Dared by her friends, Cherelle May Dudfield, 18, was flashing passing motorists from a traffic island in the middle of a four-lane road in September. It was all very funny until one enraptured motorist crashed into her, sending her rolling onto the hood of the car and cracking the windshield.
Fortunately Dudfield suffered only minor injuries and was fined $200 for disorderly behavior. Her attorney suggested that the driver involved could have been a little more careful, but conceded that he may have been “distracted.”
Dudfield said the incident taught her an important life lesson. “Don’t get drunk and stand in the middle of the road and flash anyone,” she said, “’cause it hurts when you get hit.”
Youthful exuberance
A civic-minded citizen in northern Germany was promptly arrested after using a front-end loader to clear his street from a Christmas Eve snowfall.
The fact that he was only 7 years old might have had something to do with it.
Patrol officers noticed the boy atop the 11.5-ft-tall excavator as he was driving it back to his parents’ business.
When the officers attempted to pull him over, the child immediately stopped, got out and admitted that he didn’t have a driver’s license.
The boy later told police that he had heard his father complaining about the condition of the roads and decided to help after finding the key in the ignition of the loader. His parents were touched, and then immediately grounded him for the next 11 years.
Sounds sensible
Diesel owners everywhere breathed a sigh of relief in December when an Ohio judge ruled that police cannot issue a ticket just because a car sounds like it’s speeding.
Sounds like common sense, but Daniel Freitag has been fighting a speeding ticket on those grounds for the last two years.
In 2007, patrolman Ken Roth clocked Freitag doing 42 mph in a 35-mph zone in West Salem, Ohio. Freitag appealed his ticket and won when it was discovered that the radar evidence was improperly admitted.
However the case was remanded rather than dismissed because Roth also had testified to another basis for the ticket: He could tell that Freitag’s 2006 Lincoln Navigator was traveling 7 mph over the speed limit because it sounded too fast.

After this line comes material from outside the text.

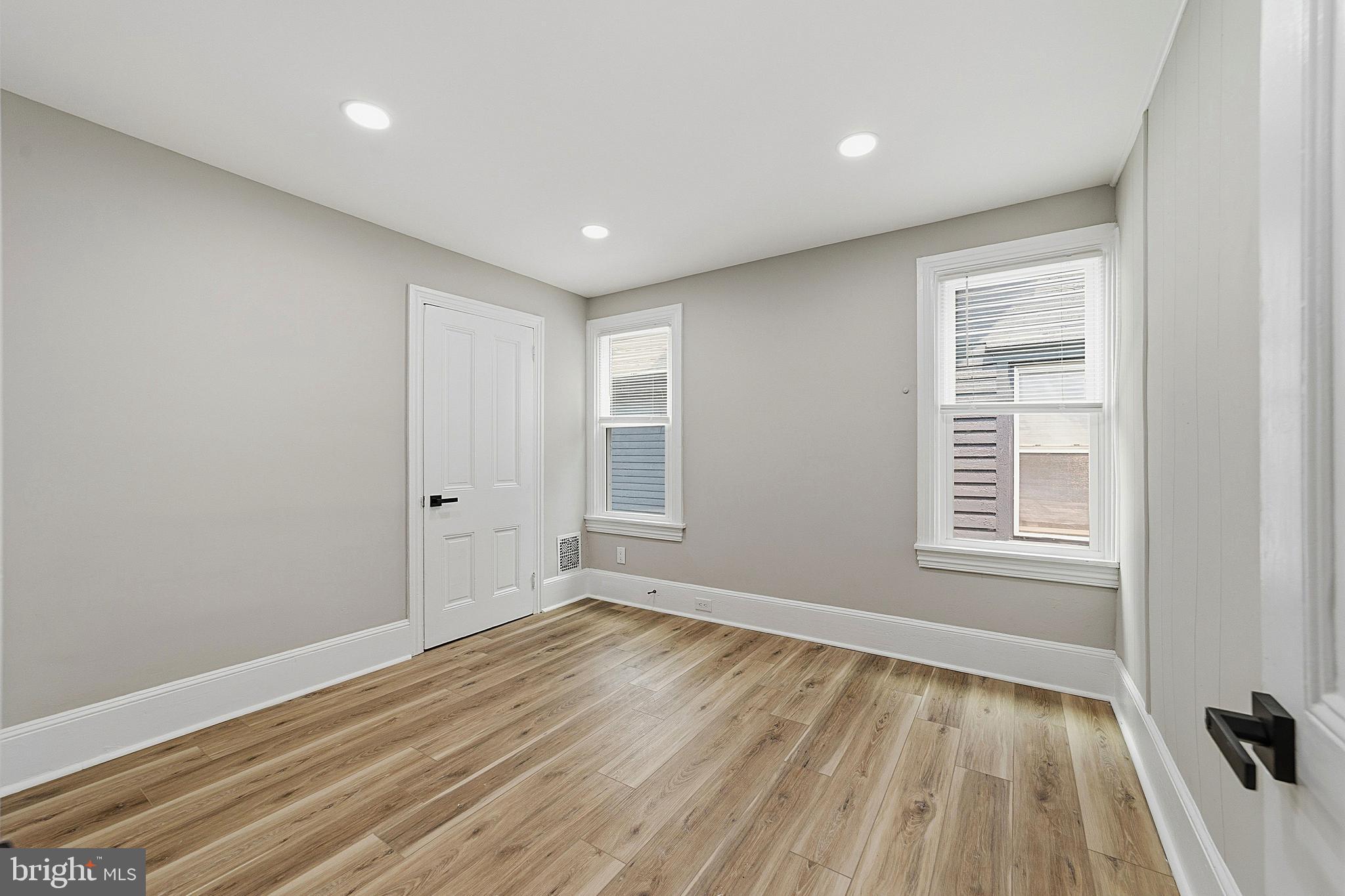 146 7th Street Salem, NJ 08079 - Photo 19 of 28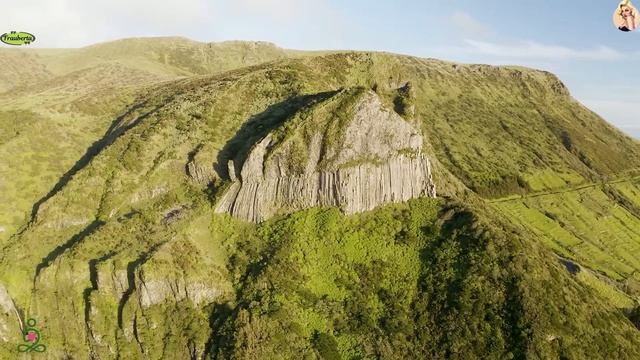 Вернуться в прошлое 2 часть смотреть онлайн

Roth testified that he had learned to “audibly determine if a vehicle was speeding” as part of his field training several years before.
Remarkably, the trial court accepted this testimony, and found Freitag guilty.
Freitag appealed again, this time countering with the equally ridiculous defense that it was “completely impossible” for him to have been speeding because he is “aware that the police constantly patrol U.S. 42.” His wife, who also was in the car when the ticket was issued, supported him by testifying that he “never exceeds the speed limit in West Salem or anywhere else.”
This time an Ohio Appeals Court judge ruled in Freitag’s favor, reversing his conviction and calling the trial judge’s ruling a “manifest miscarriage of justice.”
Once again we see the most important principle of the American justice system at work: A defendant is innocent until proven guilty, even if his defense is no more plausible than the allegation.